Robust and reliable automatic extraction of the endoscopic camera signal from the raw data is necessary in the development of AI for colonoscopy [26]. In this direction, Yao H. and colleagues performed the cropping of the endoscopic image by binarizing it and detecting the largest 4-connected component [34], which served as a baseline for comparison of the proposed method. In [35] endoscopic images are cropped by first converting them in grayscale and then extracting a circular region with its center matching the center of the image. This method results, by design, in the loss of information from the endoscopic image. Finally, the work closest to our results is that of [23], where a U-Net model is used to determine the location of the camera signal in the endoscopic image. Yet, the work did not evaluate the model performance, especially how it performs on images from different sources and did not make their model available to the public.
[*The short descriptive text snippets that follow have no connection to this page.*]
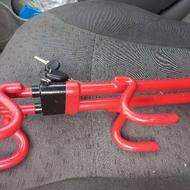 قفل فرمان ضد اسید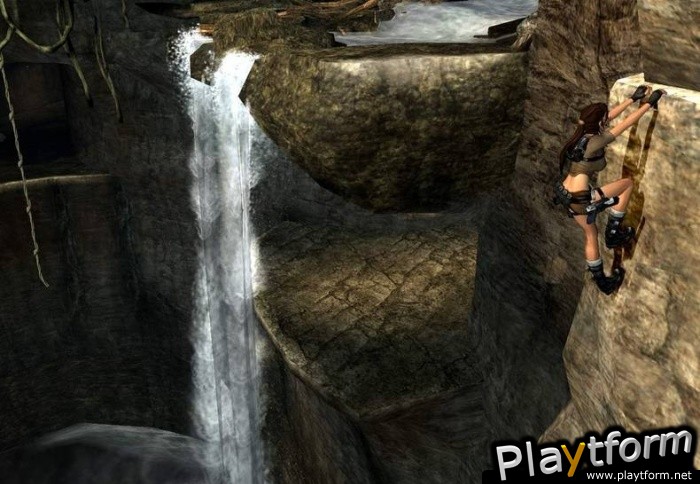 Tomb Raider: Legend (Xbox)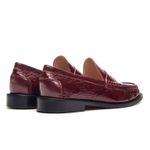 Mocassim Feminino Ornella Wine 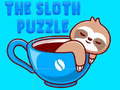 Játék The Sloth Puzzle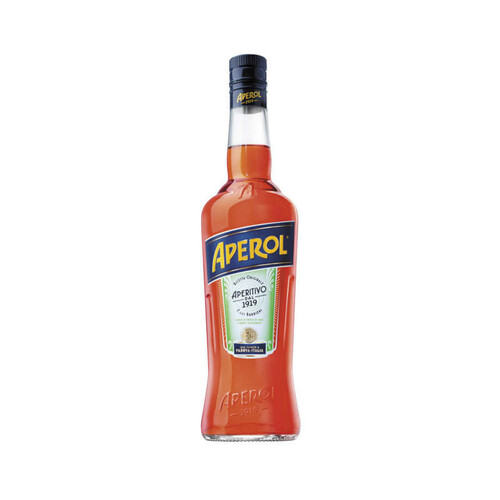 APEROL Apéritif Base pour Spritz 12,5% 1L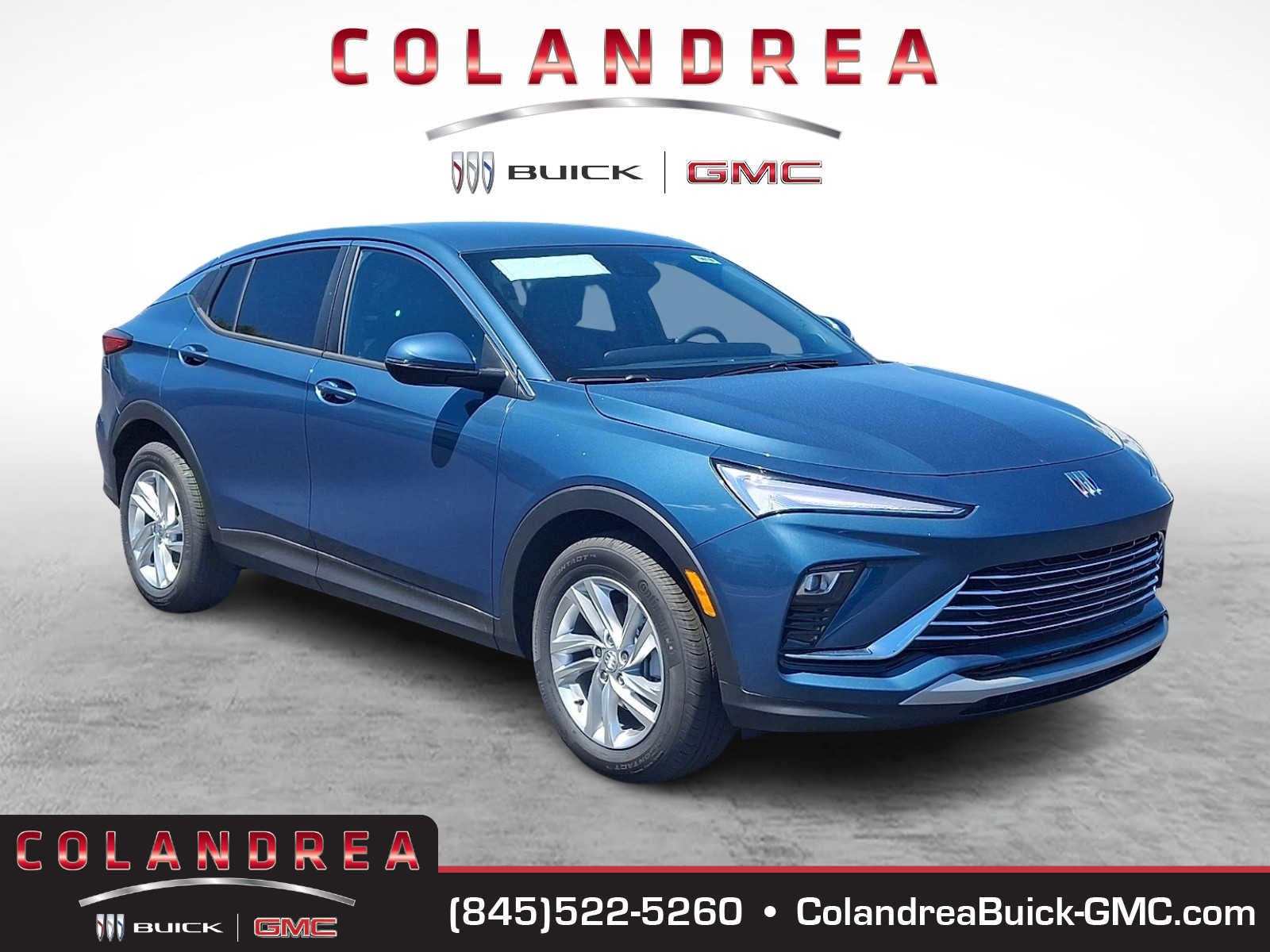 2026 Buick Envista Preferred's photo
In terms of creating images with masks indicating the camera signal, Sanchez-Peralta et. al. proposed a dataset of raw endoscopic images, where masks for the camera signal are also provided [46]. Yet, all the images come from one processor, and extraction of the mask for the endoscopic image is manually performed. Finally, several works effectively extract the endoscopic camera signal for surgical videos, where the part of the image containing the signal is assumed to be circular [31–33]. Yet, the assumption of a circular camera signal is not present in the general endoscopic images, where the shape ranges from ellipse to polygonal.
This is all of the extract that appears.